Herb and Kathy Eckhouse started La Quercia in 2000. The next year they began making prosciutto to Italian standards with meat from American pigs. After experimenting for three years, they brought it to market in 2004. One of just a few American curing houses to make Italian-style prosciutto, they produced one that rivals top European exports such as prosciutto di Parma.
The Eckhouse’s have been committed to the highest standard of animal welfare. They ensure that not only have the pigs been raised without antibiotics but that they’ve also been pastured. They believe that not only is it humane, but also a critical part of how good the cured meat is.
At Pagliacci, the moment we tasted the delicate, savory-sweet meat, we knew we had to use it with well-balanced layers of flavor to complement it's tenderness.
You can try La Quercia prosciutto this month on our seasonal Chanterelle Prosciutto, which features the prize-winning meat with golden chanterelles from Foraged and Found Edibles. The mushrooms’ earthy taste complements the gentle saltiness of the prosciutto. Over a bed of creamy mozzarella and an olive oil and garlic base, it’s a delight.
We are also introducing a new seasonal pie, the Autumn Harvest. This new pie stars Delicata squash from Oxbow Farm & Conservation Center. The squash is roasted to bring out its natural sweetness, which pairs beautifully with slightly bitter shreds of Brussels sprouts, which we roast in garlic, olive oil and red pepper flakes. We layer the squash and sprouts on mozzarella over an olive oil base. A dusting of Parmesan goes on as the pie comes out of the oven. This savory autumn treat will remind you just how good the late autumn harvest can be.

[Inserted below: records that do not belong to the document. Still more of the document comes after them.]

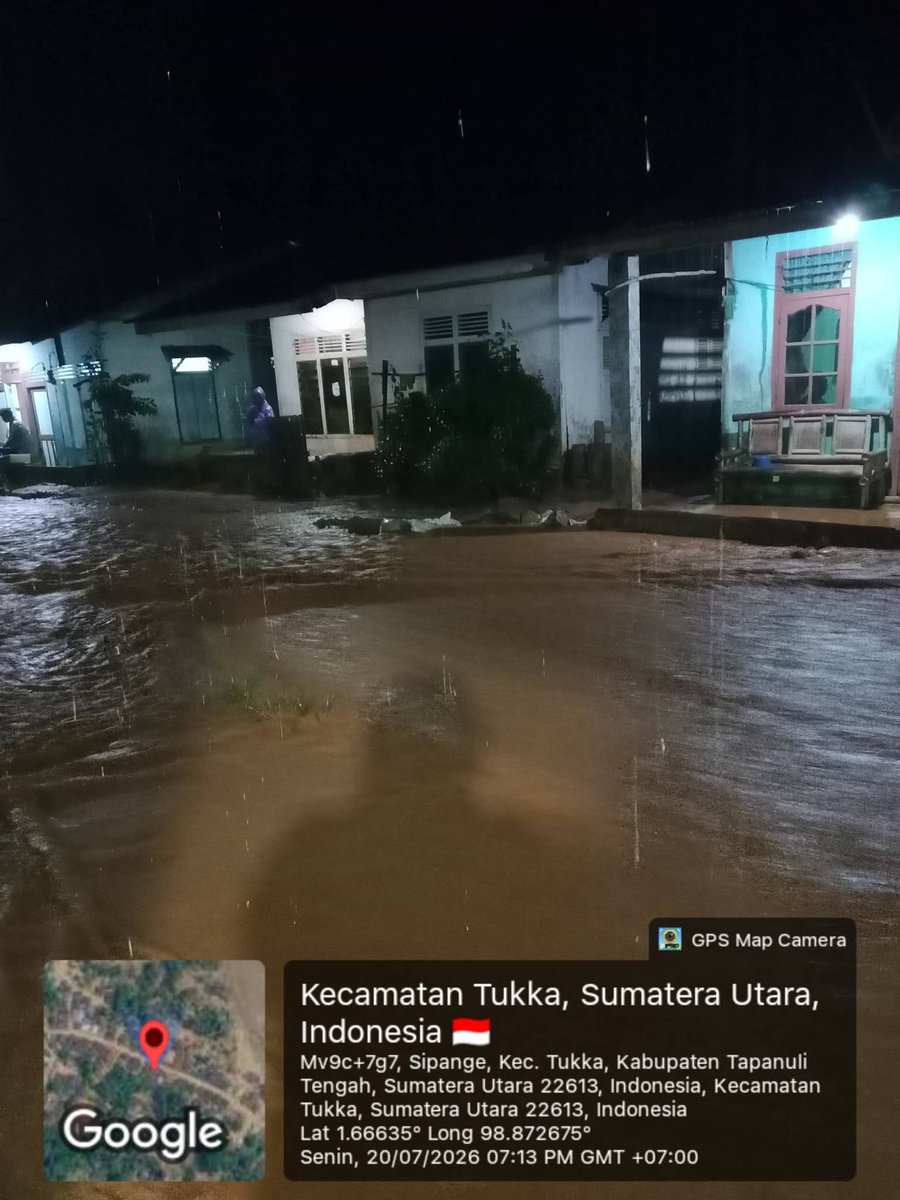 indepenSumatera's tweet photo. BANJIR DI TUKKA MALAM INI🥀

Mau sampai kapan saudara kita di kecamatan tukka dan badiri merasakan ketakutan akibat banjir ini. Disaat tidak musim hujan, kenapa tidak dilakukan pengerukan sungai, alat berat menganggur dibiarkan tidur

Semua tidur dan lalai terbuai dalam mimpi naik kelas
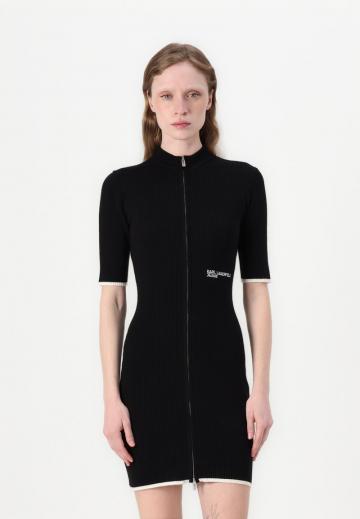 Вязаное платье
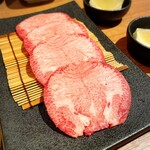 だし焼肉はし田 - 
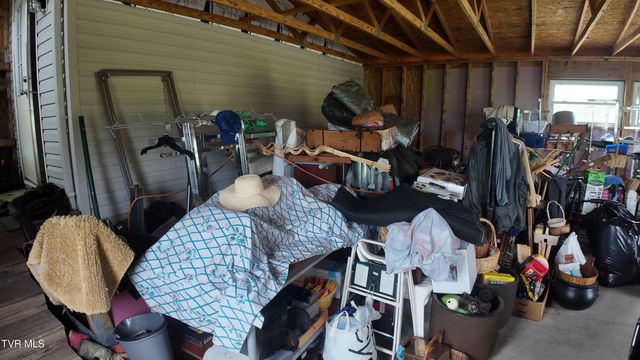 1168 Webster Valley Road, Rogersville, TN 37857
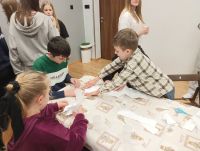 1000015341uczniowie podczas warsztatów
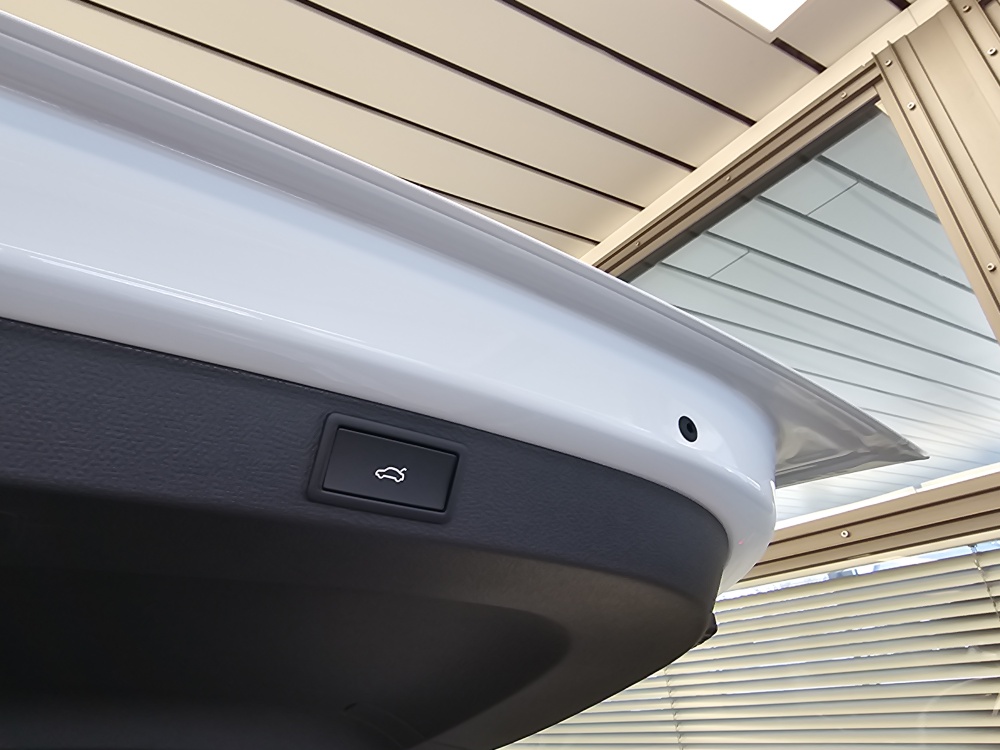 Skoda Karoq bei Hoffmann Automobile in Wolfsburg kaufen und sofort mitnehmen - Bild 4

And since long, dark evenings should always feature dessert, we’d be remiss if we failed to mention our seasonal gelato: Maple Pecan! Pecans are another late-autumn harvest treat. Using pecan pie as a flavor palate, Gelatiamo caramelizes the fresh pecans to bring out their buttery flavor and sweetens the gelato with rich organic maple syrup. If you’re a pecan pie lover, the result will leave you craving for more long after the last spoonful.